Your Sister’s Sister – A grieving man accepts his dead brother’s ex-girlfriend’s invitation to get away from it all by taking a little break from life with a solo vacation at her family’s picturesque cabin. Unknowingly, the cabin is currently occupied by his dead brother’s ex-girlfriend’s lesbian (or bi-sexual?) sister who is also taking a much-needed mental break from life. They get drunk and…you can fill in the blank here. The following day, the brother’s ex-girlfriend (who also happens to be his best friend) arrives to keep the grieving man company and so begins our complicated love triangle, though it’s not your typical one. Of all the films I saw in 2012, this was the most surprising. Not only because of the rare story line but because of how smart it was with the material. Parts of the film were so organic that it felt like portions were  simply improvised between the three actors, done so fluidly, you felt like you were watching real sisters, best friends, and love interests maneuver this complex narrative. Again, well-written dialogue, spot on casting, and a graceful setting for such ungraceful circumstances culminate into a film that is funny and touching.
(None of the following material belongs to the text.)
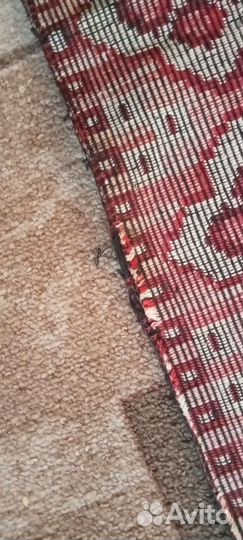 Покрывало ковёр СССР винтаж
Zero Dark Thirty – The most intense on the edge of your seat aggressive experience I had at the theater. A film so flawlessly paced, acted, written, and accomplished, it doesn’t at all feel like a nearly 3 hour film and I could have easily spent another 3 seeing where our heroine was off to next in her obsession for justice. Zero Dark Thirty takes us through the decade long capture and defeat of terrorist leader Osama bin Laden. Jessica Chastain is Maya, a woman on a mission who is not meant to be liked, doesn’t care to be liked, but demands to be taken seriously. (You go girl !) While much controversy surrounds this film in its accuracy and depth of knowledge of the events depicted, at the end of the day you cannot deny that what happened on the screen was anything short of a masterpiece. I was very disappointed by Director Kathryn Bigelow’s Oscar snub as this was a better crafted film than the The Hurt Locker. Easily my favorite film of the year (or closely tied with Celeste & Jesse Forever).


With that, my 2012 movie year in review is now behind me. You can read about my takes on the top classic films I spent time with last year as well and the documentary stories that moved me most here and here. Looking over this list I’m proud at how all over the place and diverse it is. As I agonized over this list for the last month before sharing it with you, I’ve come to realize and like how I can appreciate a commercial film as much as an independent film, love a quirky story as much as a political one, or cherish a foreign narrative in the same breathe as a domestic narrative. That’s the beauty of cinema, it’s an art form that has always tried to compete with itself, and like me, who wants to be placed in a box?

I can’t wait to see what 2013 brings to the silver screen.